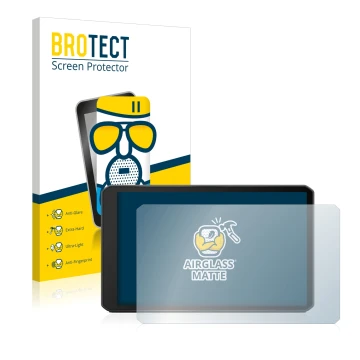 Parte frontale di una confezione del prodotto con il logo del marchio BROTECT. Accanto è raffigurato il dispositivo Garmin dez
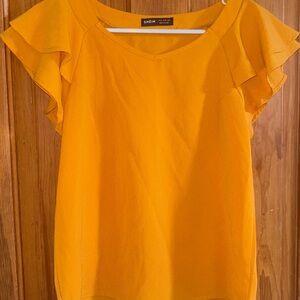 SHEIN Golden Ruffle Sleeve Blouse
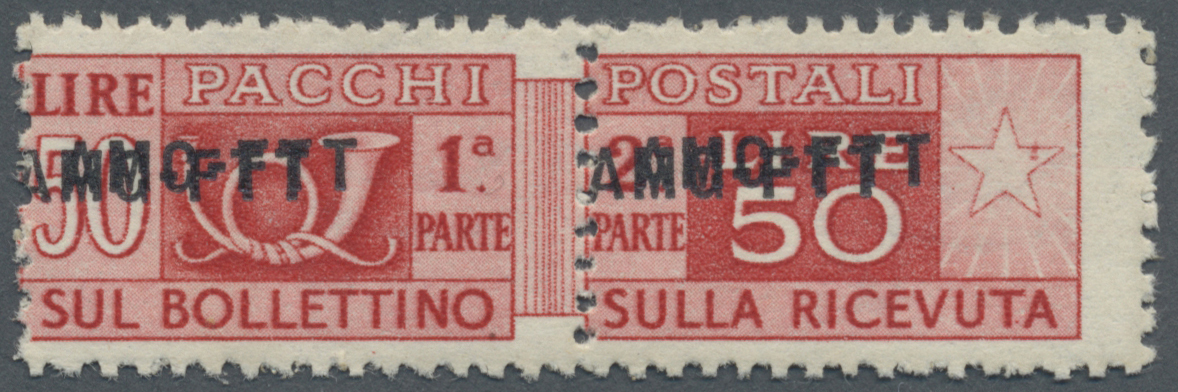 ** Triest - Zone A - Paketmarken: 1950, 50l. Red Showing Variety "double (shifted) Overprint", Unmounted Mint, Si - Postal And Consigned Parcels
======
= WORK TASK =
Set down each line of the material exactly and skip every image.

= SOLUTION TO THIS TASK =
 Parte frontale di una confezione del prodotto con il logo del marchio BROTECT. Accanto è raffigurato il dispositivo Garmin dez
 SHEIN Golden Ruffle Sleeve Blouse
 ** Triest - Zone A - Paketmarken: 1950, 50l. Red Showing Variety "double (shifted) Overprint", Unmounted Mint, Si - Postal And Consigned Parcels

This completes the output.